(RECORDS)

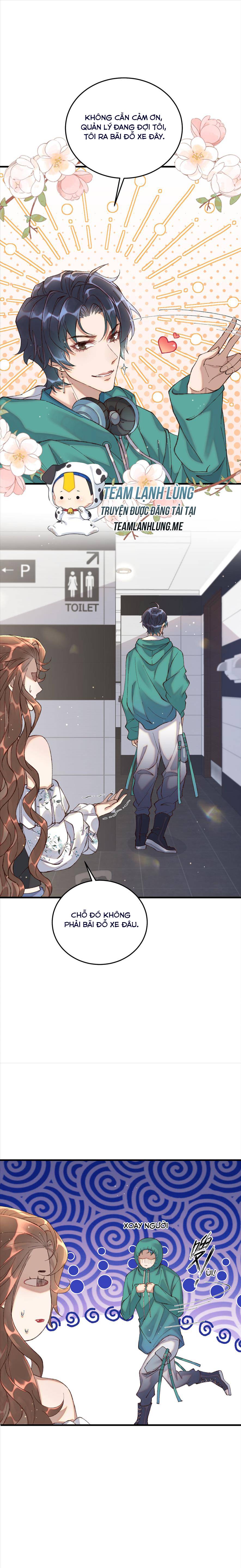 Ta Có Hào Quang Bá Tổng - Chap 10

(End RECORDS)
(RECORDS)

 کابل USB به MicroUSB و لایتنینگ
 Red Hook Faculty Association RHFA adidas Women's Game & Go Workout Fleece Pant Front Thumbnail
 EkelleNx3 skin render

(End RECORDS)
(RECORDS)

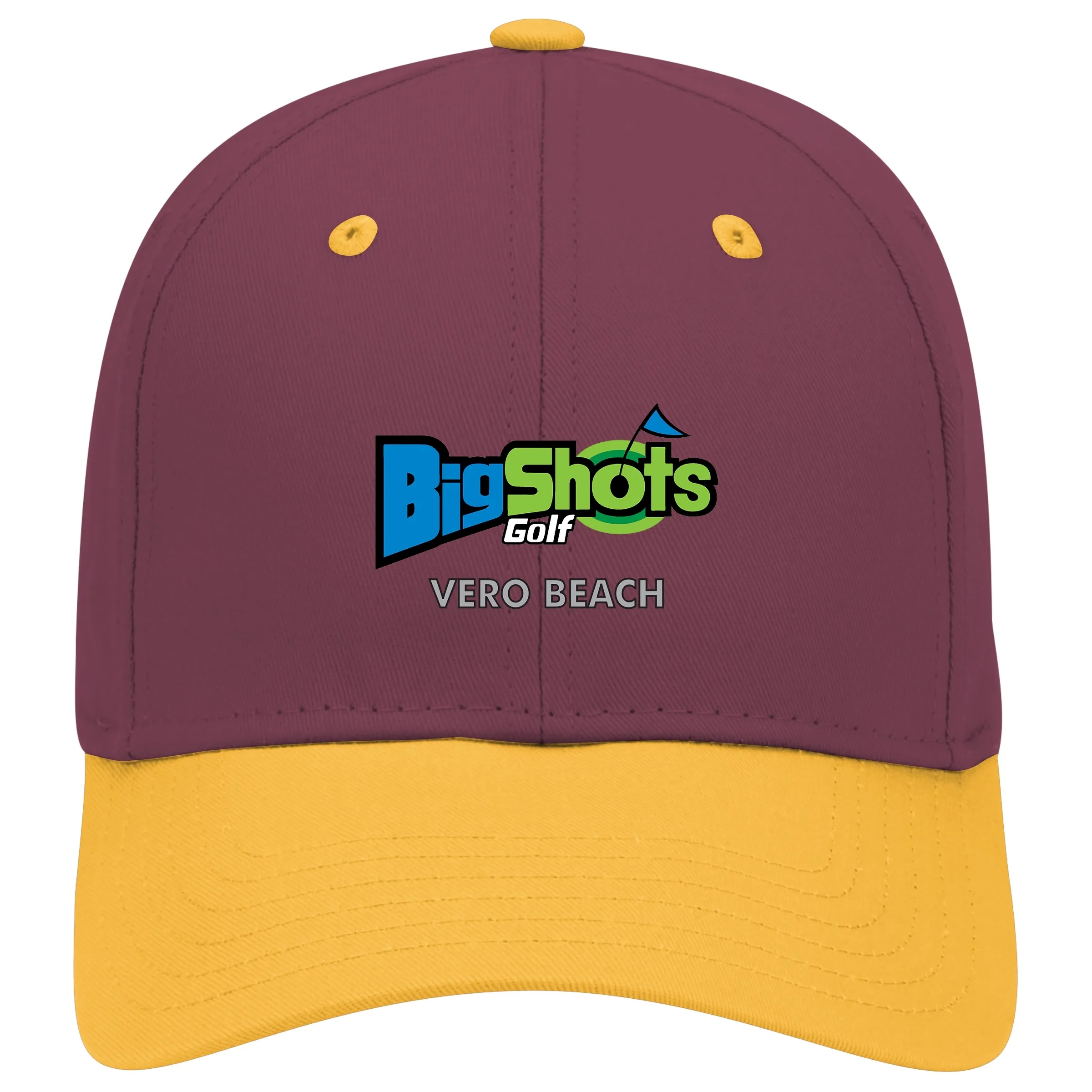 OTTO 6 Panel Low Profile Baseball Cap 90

(End RECORDS)

◆ WHAT YOU NEED TO DO: Within the material above, output exactly the lines from the one with "کابل USB به MicroUSB و لایتنینگ" through the one with "EkelleNx3 skin render", end lines included, and nothing besides.

◆ SOLVED EXERCISE:
 کابل USB به MicroUSB و لایتنینگ
 Red Hook Faculty Association RHFA adidas Women's Game & Go Workout Fleece Pant Front Thumbnail
 EkelleNx3 skin render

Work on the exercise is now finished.